The bill, passed 234-197 mostly along party lines, would keep the 15 percent top tax rate for capital gains and dividends in place in 2009 and 2010, two years after their scheduled disappearance at the end of 2008.
Republicans said tax cuts championed by President Bush have revved up a sluggish economy, and Treasury Secretary John Snow praised the bill, saying, "It would encourage investment and innovation - the lifeblood of the American economy."
Democrats contended the tax cuts for investment income, and much of the GOP's economic agenda, exacerbated budget deficits and ignored average workers.

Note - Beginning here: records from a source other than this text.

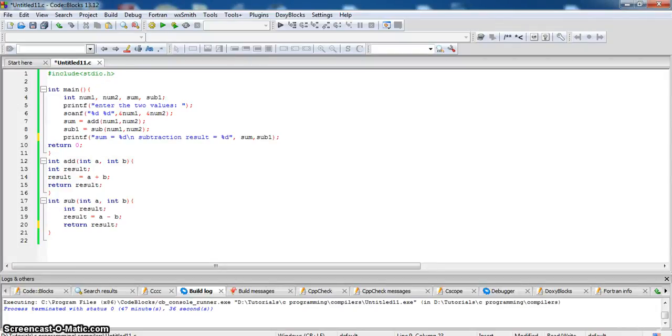So now we have seen how to write a function, how to declare a function, how to pass a value from the function.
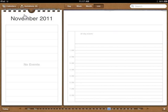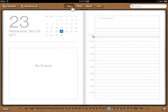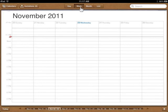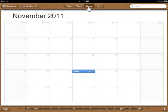To view the current day, from the top navigation bar, tap Day. To view a week, tap Week. To view a month, tap Month. To view a list, tap List.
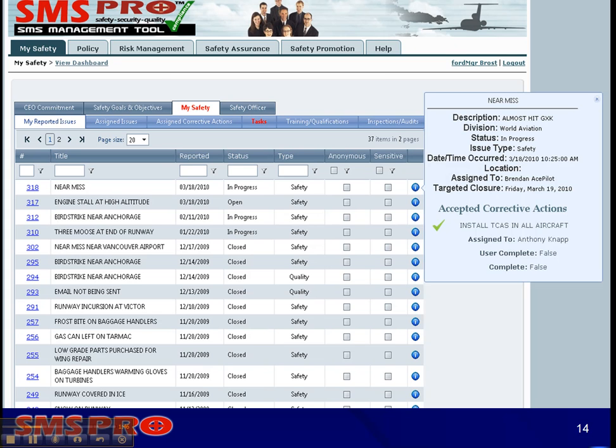Depending on the role of the user, they will see varying levels of detail, because SMS Pro is role-based.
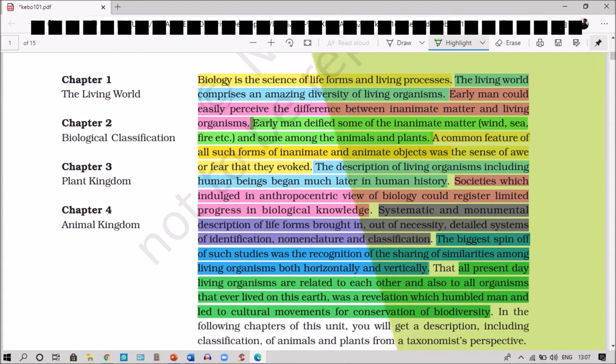To understand that present-day living organisms are related to each other and to all organisms that ever lived on this earth, the study of biology and learning about various life forms and living processes was essential. Even early man could easily perceive the difference between inanimate and living organisms.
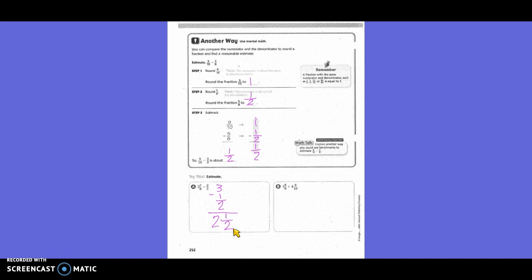1 and 8/9 — what would that be close to? 2. So 2 plus 4 and 8/10. 4 and 8/10 rounds to 5 because 8/10 is really close to 1, and 4 plus 1 is 5. So 2 plus 5 is 7.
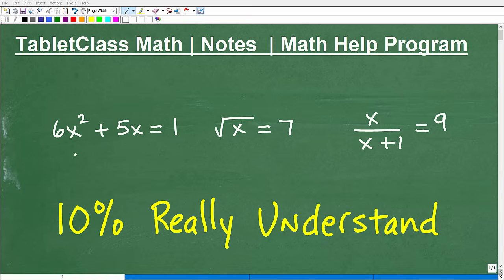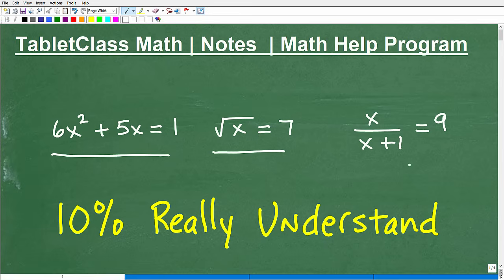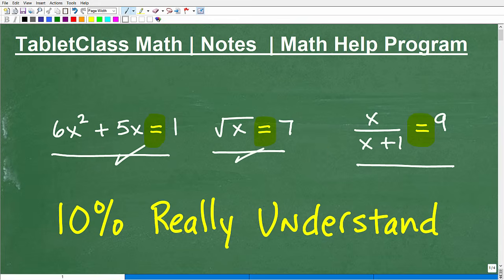We're looking at some equations here. This is obviously algebra. We've got this equation, this equation, and this equation. How we solve this equation is completely different in terms of methods and techniques than this equation, and this equation is different from these other two equations.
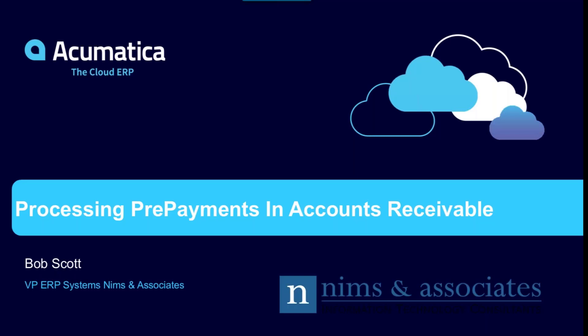Hi, this is Bob Scott with NIMS & Associates. Today we're going to be talking about processing prepayments in accounts receivable.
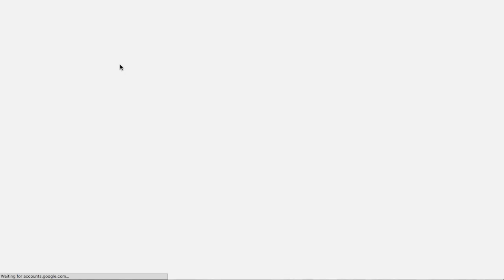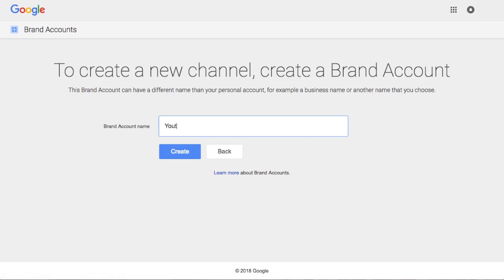Once we've selected create a new channel, we can go ahead and add our brand account name here or our channel name. So I'm just going to call this you and then select create.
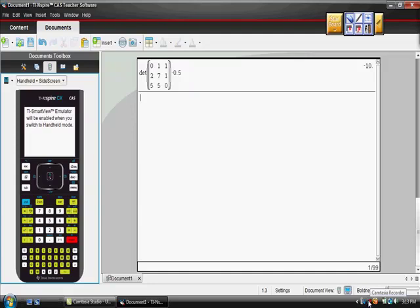All right, so I hope this is helpful. If there's something else you want to know about with this calculator, can you let me know? Give me a comment, and it would give me frankly something to do.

"The poor suffer. The rich benefit. The middle class is paying the bill," said House Minority Leader Nancy Pelosi, D-Calif.
The vote marked the fourth tax bill passed by the House in a week as lawmakers worked to clear some unfinished tax work. Lawmakers haven't given up hope of completing some of those tax cuts this month, but it's unclear how much can be done before Congress disbands for the holidays.
Lawmakers hope to at least complete work this month on a much smaller package of tax incentives to lure businesses and jobs back to the Gulf Coast after the region was lashed by hurricanes. Also on the agenda is an effort to blunt the bite of the alternative minimum tax, which threatens to hit about 17-million individuals and families with higher taxes next year.